Consider an example I've actually seen at a University. Back in the dark mysts of time, IT workers got put in the same category in the HR system as secretaries (which wasn't so stupid back in the days of operators). Inertia being what it is, nobody bothered to change it. Enter a union, who sought to unionize that entire class of workers. Which they succeeded in doing, since it looked like a darned good idea to the secretaries who outnumbered the IT guys.

Now the University really really really needs to IT guys to function. And IT guys are expensive and get more expensive pretty rapidly (especially in the late 1990s when I was watching this happen). So the University desperately needs to retain them. So the conversation went like this

University: We really really really want to pay our IT guys 15% more next year because we need to retain them.
Union: We forbid you to do so unless you raise the salaries of everybody we represent by that 15%.

Literally, you had management being blocked from increasing the pay of workers by the union, because the union was using one segment of the workers as a bargaining chip for the benefit of another, larger, subset of their heterogenous bargaining block.

I suspect something similar is happening with the teachers union. Teachers are not a homogenous labor block. Some teachers teach math and science and are in high demand. Some teachers are exceptional. But most teachers are neither exceptional nor teaching high demand subject. By forcing the schools to raise overall pay for all teachers in order to be able to bid for high demand teachers, the union benefits the vast majority of their users by raising their wages far above what they would otherwise be, at the expense of suppressing the wages of their minority of high demand users.

anon writes:

well explained by Gambetta and Origgi 2009 on preferences for mediocrity.

ad nauseum writes:

There are probably a lot of distorted views about fairness and equality that too many union members ascribe to.

Also, it is true that teacher performance might be hard to gauge, but there are upstart ideas to work with. Like this one here . It may not be perfect, but its a start.

Easy guess: Large wage discrepancies reduce alignment between union member interests. Unions most willing to accept them didn't survive this. Unions most opposed to them survived.

Roger Sweeny writes:

Once you've secured a raise for all the workers in your union, why prevent employers from offering additional compensation for exceptionally good workers?

Something sorta kinda vaguely like that does exist in most school systems in the United States. There is a bonus system based on the number of graduate education courses a teacher has taken.

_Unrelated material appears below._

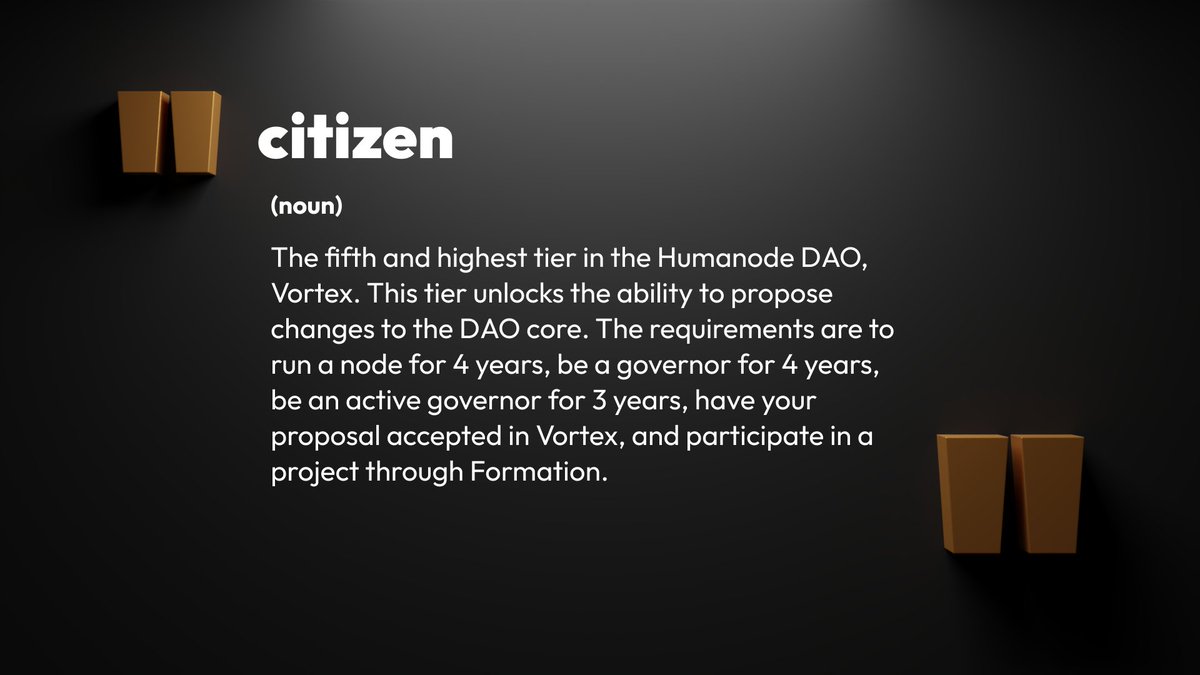 humanode_io's tweet image. 📝 Word of the day: citizen

#Humanode #Wordoftheday #Citizen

The system is objective and predictable. If you put in the time and do whatever busywork is assigned, you will get the credits. Accumulate enough and you go into a higher pay stream.

Alas, research seems to indicate that teachers with more credits are no better than teachers with less. Moreover, if you ask a teacher how useful his or her graduate courses were, the median response will be, "I got a few good ideas, but mostly they were a waste of time."

However, the system does help keep together the union/ed school coalition. Going over to a performance-based merit system would mean a significant diminishment of ed school employment and prestige. Unions support the present system and education professors learnedly tell everyone why performance-based systems are impossible and/or unfair--while studiously avoiding helping to come up with ones that would be fair and effective.

Stiles writes:

Probably for two reasons.

First, an expectation that the incentive funds would be taken from the overall compensation package and reduce compensation for some of the union membership.

Second, an expectation that merit pay would not be effective in improving schools and might even reduce their effectiveness. Teachers who philosophically support individual incentives have concerns about how accurately and effectively they can be applied given the typical spans of control in schools. Span of control ratios rarely come up in discussions of merit pay in schools, but they should.